→ **Activity**: Only the lines from the one with "Ecksofa mit Schlaffunktion" through the final line below belong in the answer, copied exactly and without pictures.

Entries supplied section start

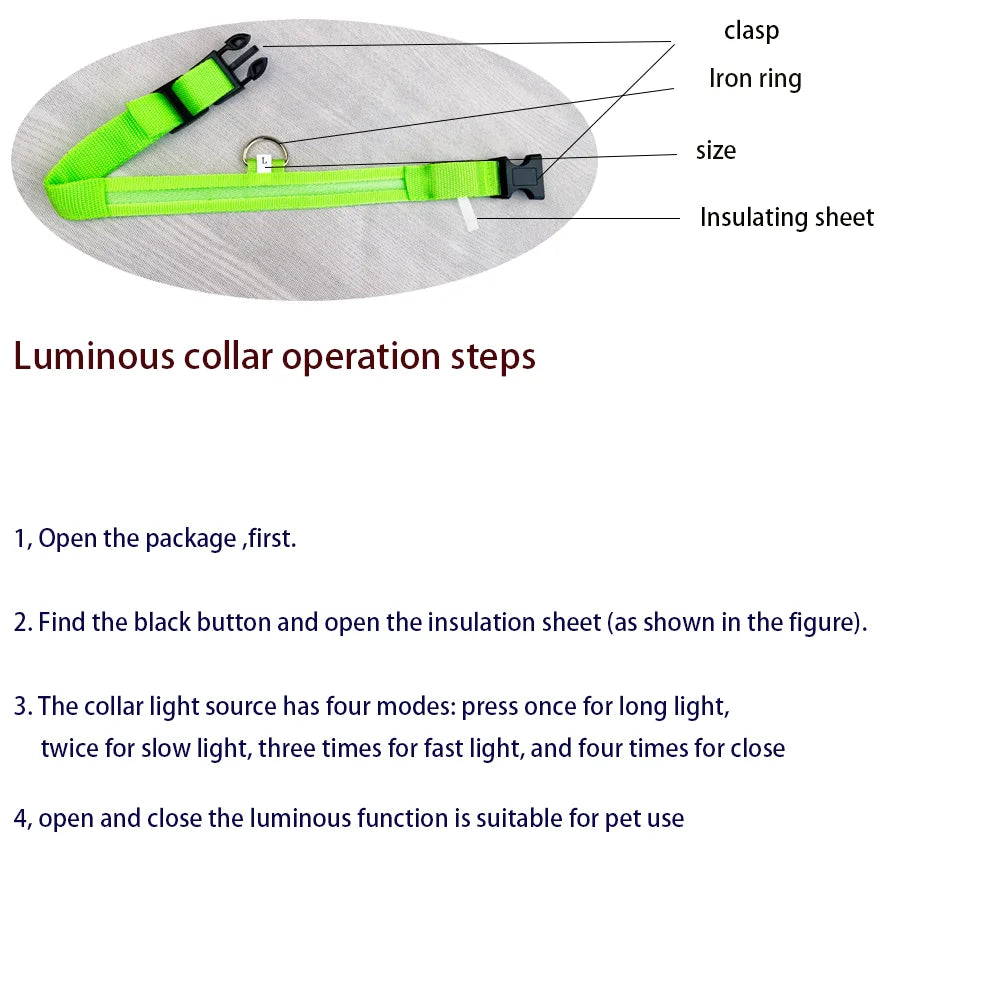Correa de nailon con luz LED para perro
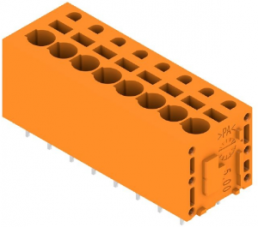 Leiterplattenklemme, 8-polig, RM 5 mm, 0,12-2,5 mm², 20 A, Federklemmanschluss, orange, 1330510000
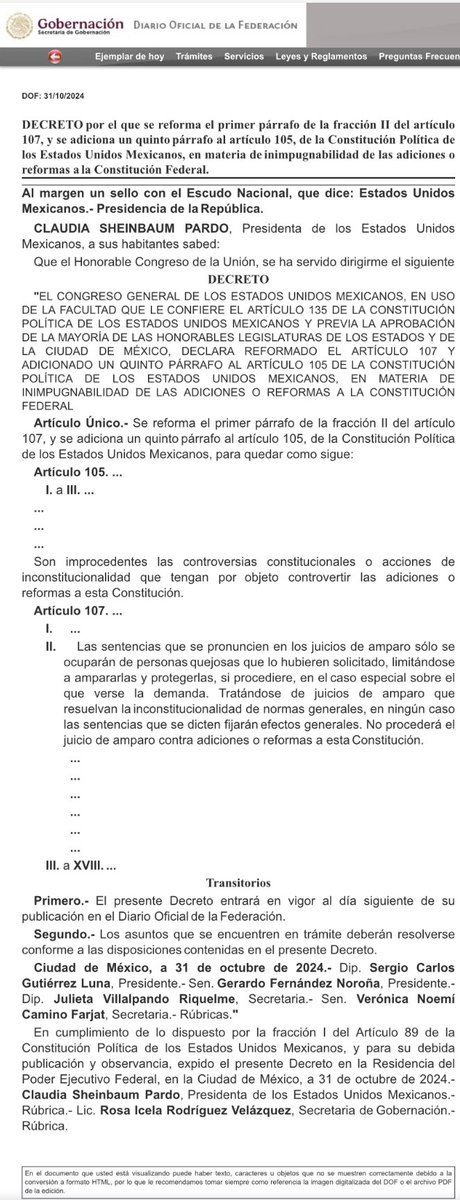 letroblesrosa's tweet photo. Publicado en el @DOF_SEGOB la reforma que convierte a @PartidoMorenaMx en el poder absoluto de este país.

Nadie podrá contener sus decisiones. https://t.co/KDhhME6IPM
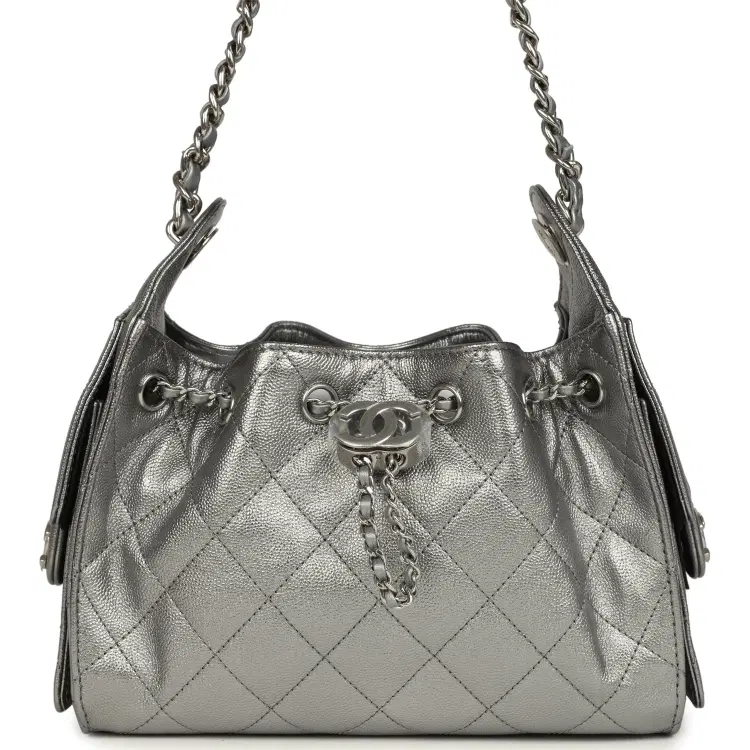 Chanel Mini 25 Hobo Bag Anthracite Metallic Caviar Silver Hardware-Hover-Image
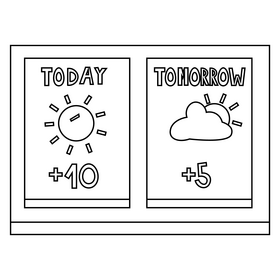 Free weather forecast black and white clipart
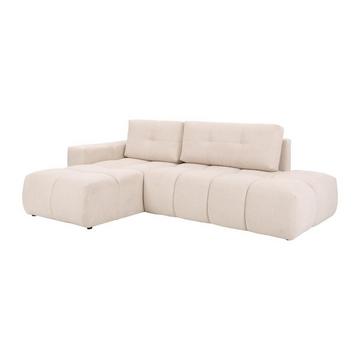 Ecksofa mit Schlaffunktion - Ecke links - Stoff - Beige - TRIMALDI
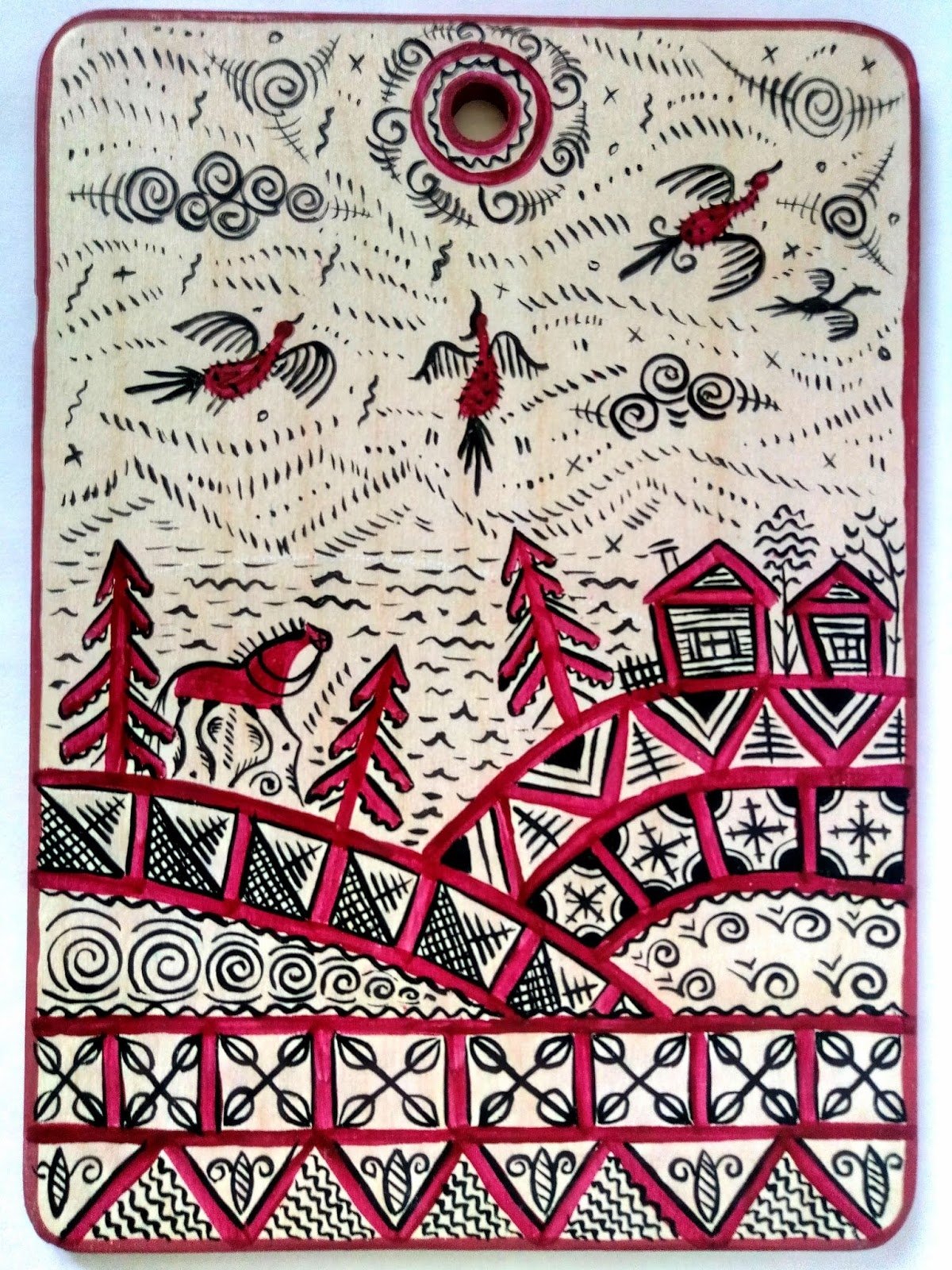 Мезенская роспись солярные знаки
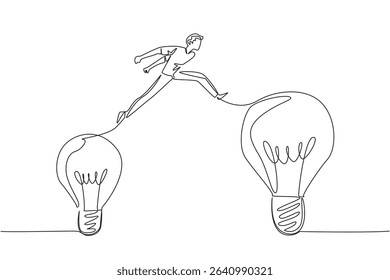Single one line drawing a man jumps from a small lightbulb to a large light bulb. Moving freely is the result of positive thinking. National Creativity Day. Continuous line design graphic illustration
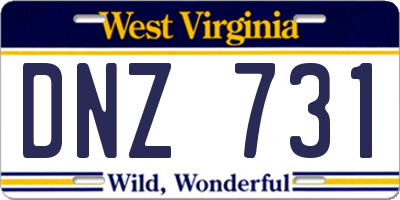 WV license plate DNZ731
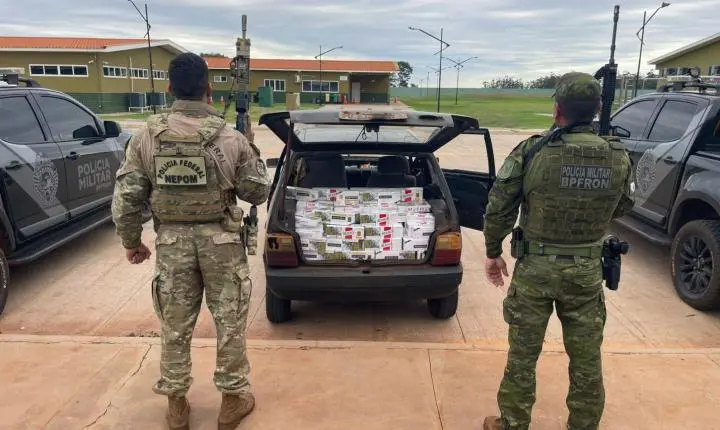 POLÍCIA FEDERAL e BPFRON realizam apreensão de cigarros paraguaios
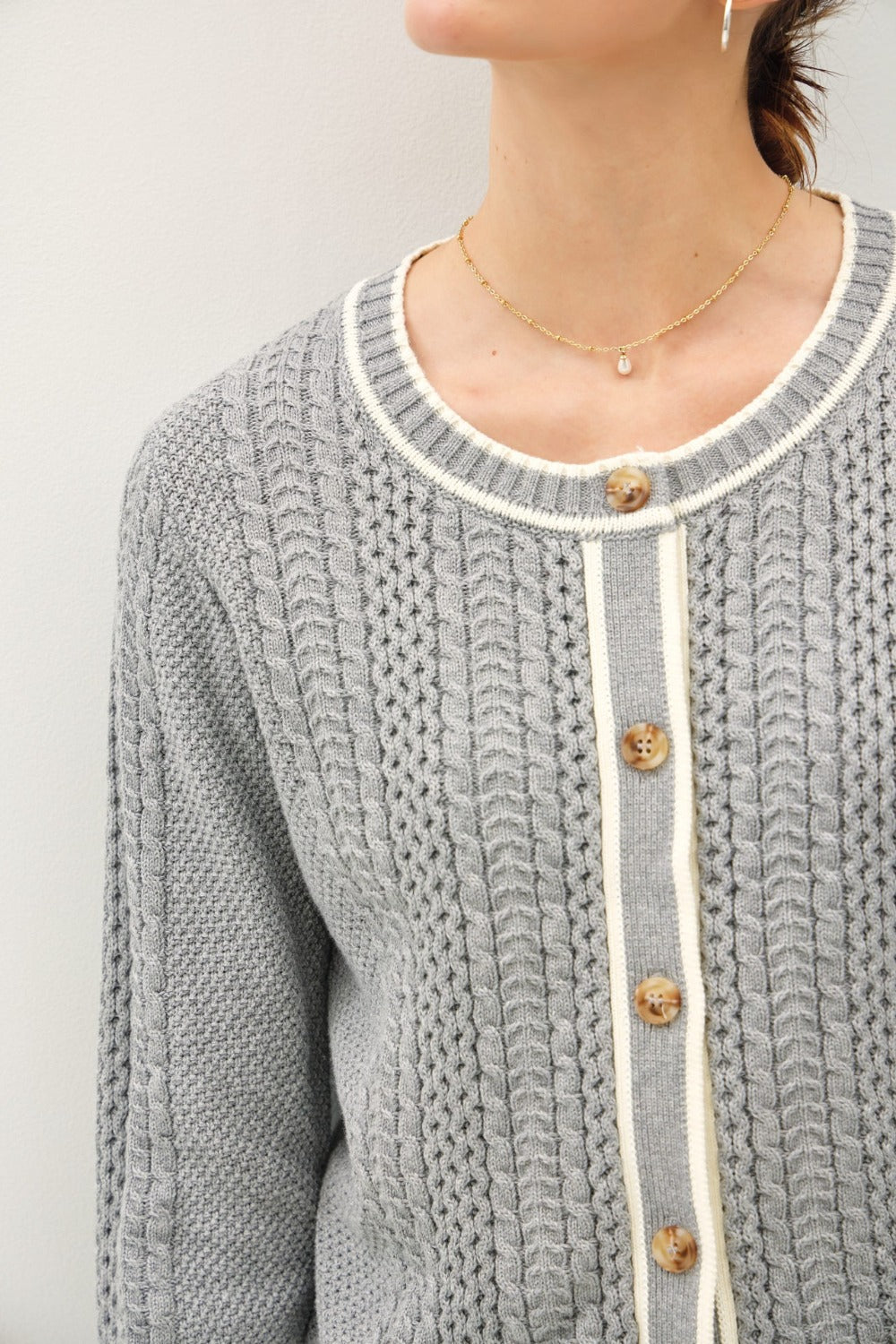 Gray Be Cool Cable Knit Long Sleeve Contrast Edge Cardigan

Entries supplied section end

→ **Written response**:
 Ecksofa mit Schlaffunktion - Ecke links - Stoff - Beige - TRIMALDI
 Мезенская роспись солярные знаки
Single one line drawing a man jumps from a small lightbulb to a large light bulb. Moving freely is the result of positive thinking. National Creativity Day. Continuous line design graphic illustration
 WV license plate DNZ731
 POLÍCIA FEDERAL e BPFRON realizam apreensão de cigarros paraguaios
 Gray Be Cool Cable Knit Long Sleeve Contrast Edge Cardigan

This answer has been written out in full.